İdlib ve kırsalının çeşitli bölgelerinde “Hey’et Tahrir el Şam “ın politikasını reddeden, “el Culani “nin devrilmesini talep eden ve dördüncü ayına giren hareketin tek taraflı karar almasını reddeden gösteriler düzenlendi.
İdlib’deki gösteriler İdlib’in merkezi ile Binniş, Cisr eş-Şuğur, Kalli, Atareb, Abin Samaan şehir ve kasabalarında, Kalli yakınlarındaki kamplarda, Kafr Takharim ve Darat Azza’da gerçekleşti.
Öte yandan HTŞ, göstericilerin şehir merkezine ulaşmasını engellemek için ana yollara, kavşaklara ve şehirlere askeri ve güvenlik güçleri konuşlandırdı.
HTŞ’nin siyasi çatısı olan Kurtuluş Hükümeti’nin İçişleri Bakanlığı da Asayiş Dairesi’ne bağlı güvenlik güçlerini konuşlandırarak Binniş-İdlib yolu üzerinde kontrol noktaları oluşturdu.
Gösteriler, 17 Mayıs’ta Binniş ve Cisr eş-Şuğur’da HTŞ güvenlik güçlerinin protestoculara saldırdığı olayların ardından sokaklarda gerilim ve öfkenin arttığı bir döneme denk geldi.
15 Mayıs’ta El Culani, HTŞ’nin daha önce kamu çıkarları ve kurallarına yönelik her türlü ihlalin “kırmızı çizgileri aşmak” olduğu ve otoritenin buna karşı koymak için harekete geçeceği uyarısında bulunduğunu söyledi.
İdlib’in ileri gelenleri ve din adamlarıyla yaptığı toplantıda, protestocuların taleplerinin çoğunun karşılandığını ve bazılarının da devam ettiğini, ancak taleplerin asıl mecrasından saparak kamu çıkarlarını bozma durumuna dönüştüğünü söyledi.
Saldırıların ardından aktivistlerin, avukatların, mühendislerin ve öğretmenlerin ordunun yollardan çekilmesi için yaptığı çağrılar üzerine protestocular ile İdlib’deki resmi makamlar arasında iletişim kuracak bir komite oluşturuldu ancak bu durum gösterilerin gerçekleşmesini engelleyemedi.

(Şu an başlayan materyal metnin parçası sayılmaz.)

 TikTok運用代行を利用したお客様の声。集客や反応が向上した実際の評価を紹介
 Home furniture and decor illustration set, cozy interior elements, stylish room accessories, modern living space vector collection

HTŞ 26 Şubat’tan bu yana siviller, aktivistler, askeri personel ve şeriat önderlerinin el Culani’nin görevden alınmasını talep eden ve karar alma ve gücü tekelleştirme politikasını reddeden barışçıl hareket ve gösterileriyle karşı karşıya.
Gösteriler, “El Culani”, “Kurtuluş” ve “Şura Konseyi “nin vaatleri, reformları ve yoğun toplantılarıyla karşılandı; bunlar arasında tutuklular için şartlı ve istisnai genel af, halkı dinlemek için komiteler kurulması, bina harçlarının iptali ve bir kısmının şartlı olarak muaf tutulması da vardı.